Does that spring partly out of your Quakerism?
Yes. What I go for is broad, simple, clear statements of intent. Shaker design is similar. I’m not a decorator. Other silver workers cover surfaces; I’m not a coverer of surfaces! I’m a maker of bold statements.
Also, my Quakerism leads me to thinking: ‘Maybe there’s a teeny-weeny thing that I can offer someone here’. I don’t go to Meeting every week, for various reasons. What I find is that my studio is a place of creative listening, searching, finding and doing. In creativity, there is a form of truth that you’re trying to achieve – a form that is economic and conserving of materials.
There are many statements about truth and equality in our ‘Red Book’ which I’m trying to express in my work. When I light my fire in my workshop, it’s a little devotional moment. I set out my tools, set out the metals, cut them and so forth. If it starts devotionally, that’s good. Later, I may feel that what I’ve created isn’t actually that good. But what’s felt and experienced is directly bound up with Quakerism and artistic creation, bound up with the way that I approach my creative work.
You can come to Meeting and be comforted, or you can be made to feel uncomfortable. If it’s done in a loving way that’s good. We need to be probed and prodded as well as patted. I’m thinking of that sudden crash of coins in Sally’s Judas Passion and people jumping. That’s uncomfortable, and that’s alright.
I wonder if you’d like to comment on any of the ideas in the section on creativity in Quaker faith & practice?
What speaks to me is 21.37: ‘“What’s on the shelf?” my artistic friend asked. “A turbine blade. I designed it,” I replied proudly. “Oh,” she said… We could both be moved to tears by mountains, Beethoven, Britten, clouds… and by friendship.’
If you find something beautiful and compelling on a rubbish heap or a beach, man-made or in Nature, that’s compelling for me. It doesn’t matter to me, as long as we create. I have distance and greenery where I live, despite it being an urban environment. I love the connection between the rural and the urban.

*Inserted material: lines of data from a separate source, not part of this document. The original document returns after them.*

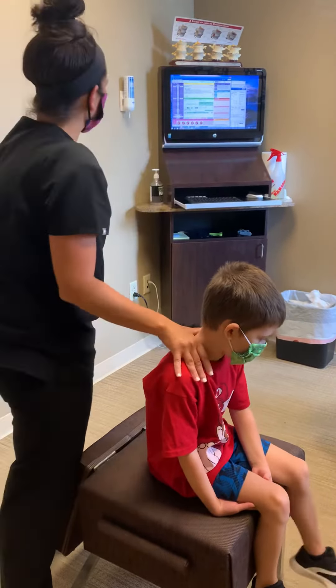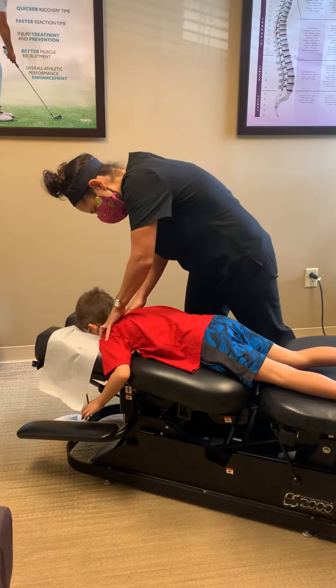That was good. Let's get that little back — and this is for his breathing so he does not have asthma attacks. His mom used to have to take him to the emergency room for that; we're trying to keep him out of there. Take a deep breath in for me, let it all the way out.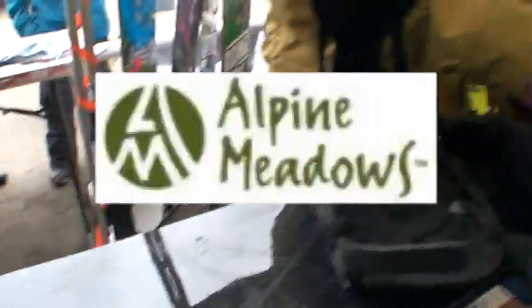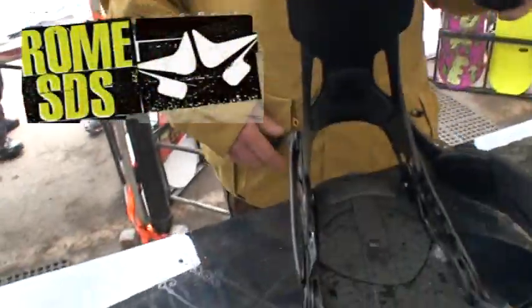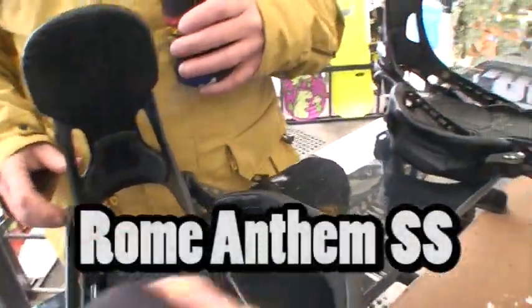We're here at the Alpine Meadows, Northern California on-snow demo. John Graham from SDS. We're doing a quick Anthem SS product review.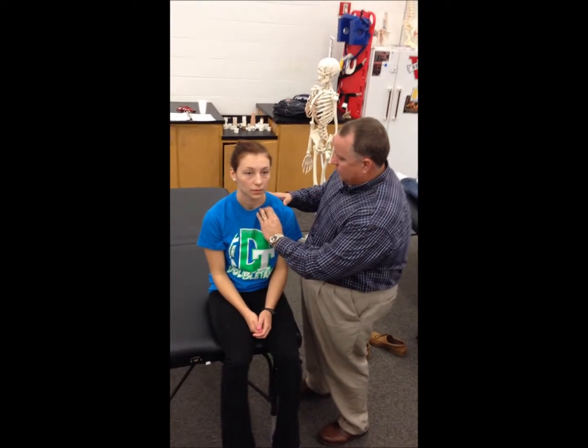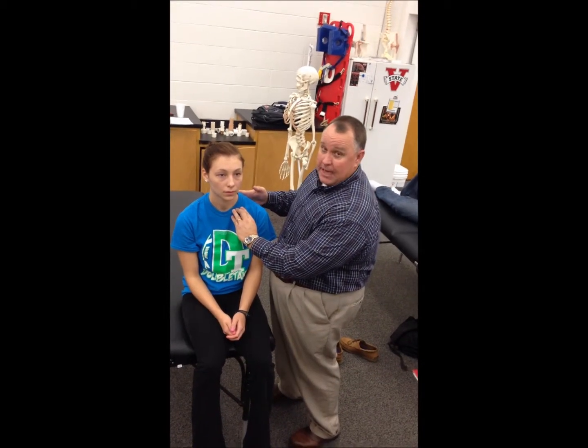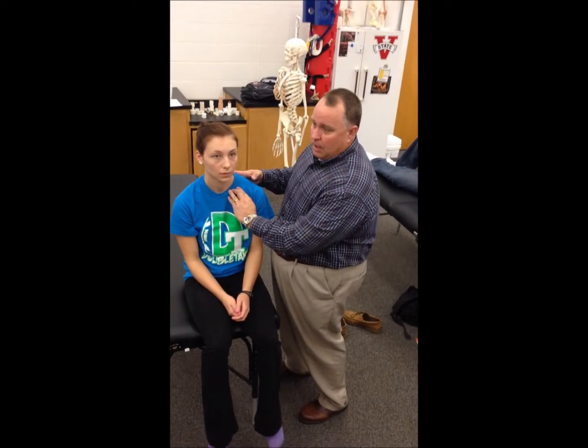You're going to pull the clavicle down and look for the distal end of the clavicle to relocate to the acromion. Then on palm release, it will move up like a piano key. A positive test is the movement of the clavicle to and from the AC joint.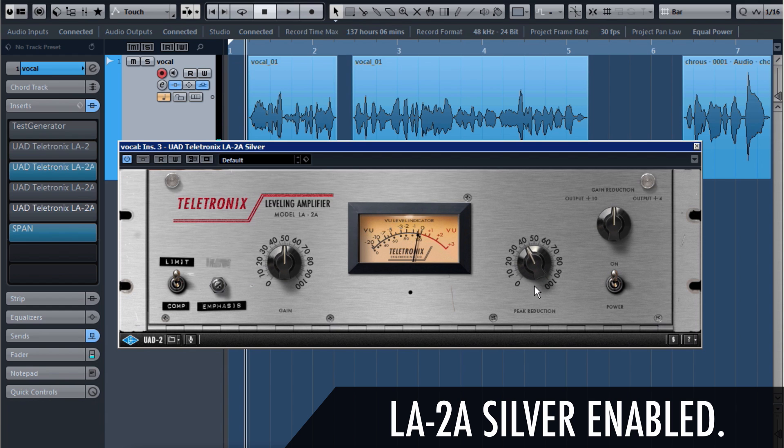It's giving an insane amount of compression in limiter mode. So we can choose between the compressor and the limiter setting, which basically changes between the two fixed ratio settings. The emphasis is going to give that shelving filter effect.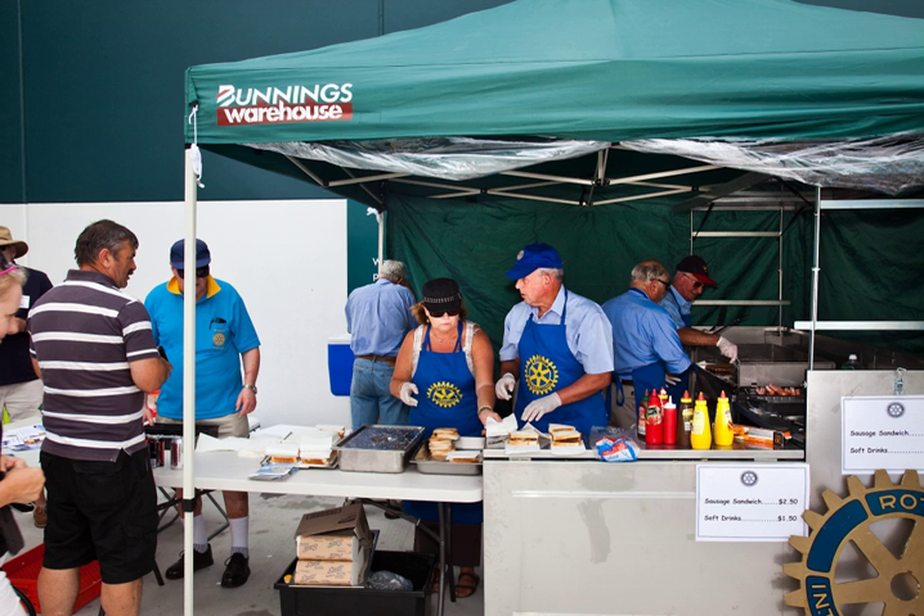Most commonly, the main sale item at a sausage sizzle is a cheap pork or beef sausage known in Australia as a «snag», cooked on a gas hot plate and served on a single slice of white bread, or in Western Australia a hot dog roll. Tomato sauce is the most common accompaniment and is usually available for no extra cost, though other condiments such as barbecue sauce and American mustard are regularly available.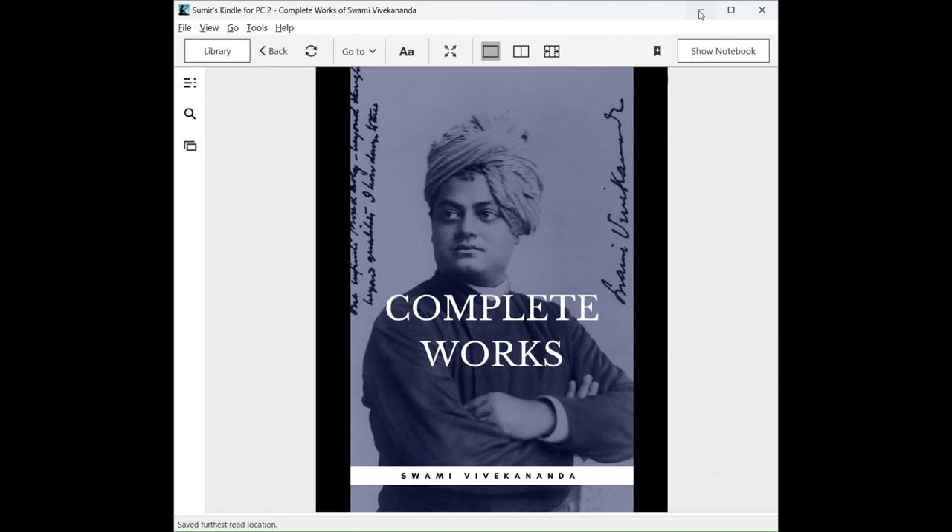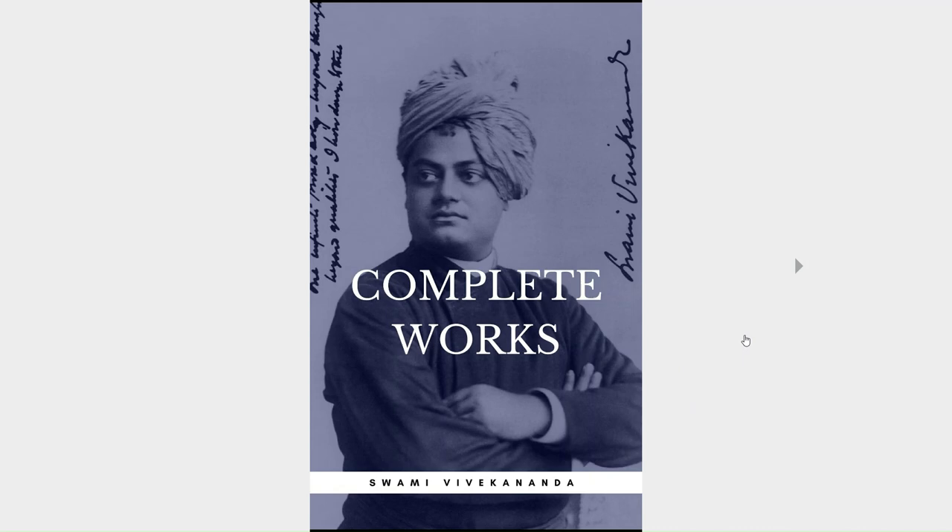The printed books are also available, but they are not readily available in the market these days. The complete works contain 9 volumes, and here I would like to focus on volume number 2.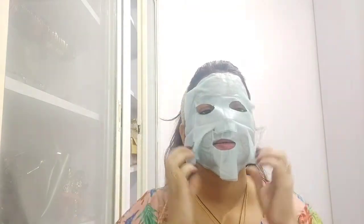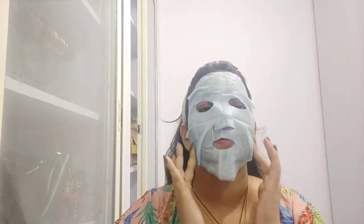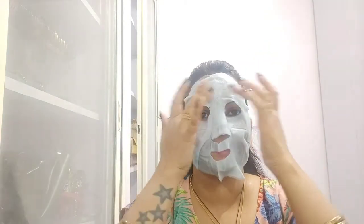And I will apply it to my face in this way. Guys, this serum mask is filled — I will keep it on my skin and then 5 minutes later I will come back and show you.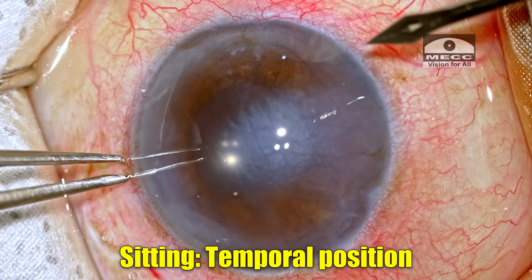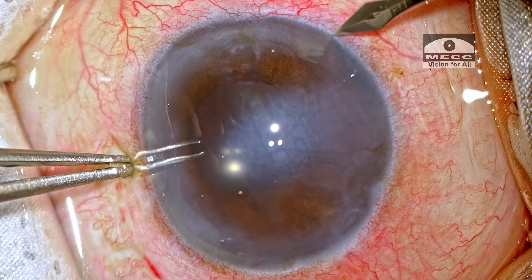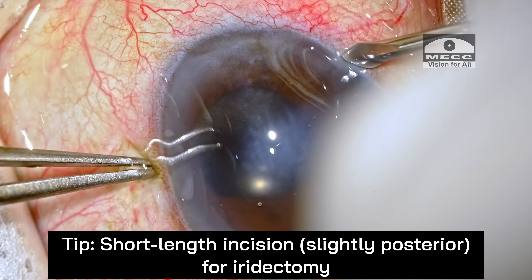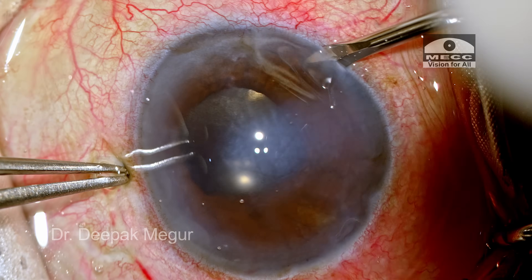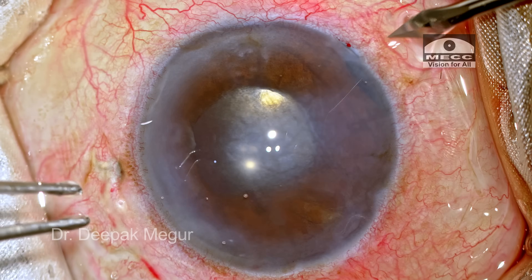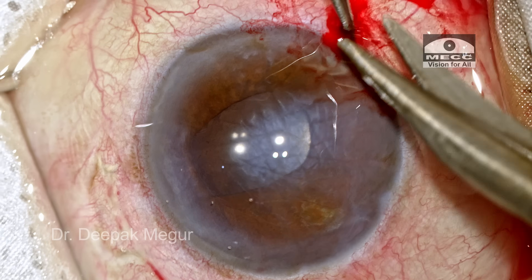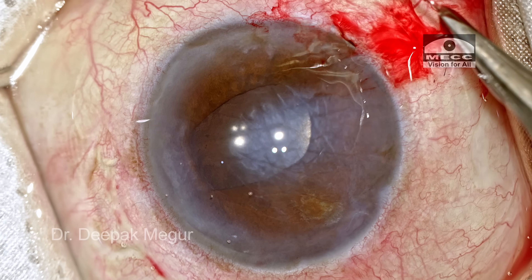I'm sitting temporally and this would be around 5 o'clock. The trick to get the incision for iridectomy is that it has to be a very short incision and slightly posterior — this is critical. If you have a very long incision, it's very difficult to go and catch the base or root of the iris. The incision is done now. I'm using forceps to pull the iris out and then the iridectomy is done.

Are there any other passages which particularly speak to you?
There is 23.54: ‘Part of understanding life and one’s place in life is to form a “right” relationship with things… The search for mastery alone yields a power that corrupts faster than it is mastered.’ Out of that, when I had left college and was initially working in industry with a craftsman, I realised that I was making things for the rich, and that troubled me. People, including Quakers, would say: ‘But John, you’re making things that people love.’ But often those things were too precious to be used – they were locked away. When I switched from precious metals to working with steel, making door handles and so on, that was important. I still make things in silver, but usually for churches.
Can you talk about what you’re working on at the moment?
My work is very diverse. For many years now I have been making reconstructions of ancient instruments in bronze, notably the Carnyx. The excitement of this and working in a team with archaeologists, musicologists, acoustic engineers and musicians is not only stimulating but it has broadened my understanding and appreciation of the inherent qualities of metal.
The thrill then, in passing what I have made to a musician, is hearing a sound from the past. I am keen to explore further metal sculpture, where shape and sound have equal impact; a commission for a kinetic roof sculpture in Glasgow is also nearly complete.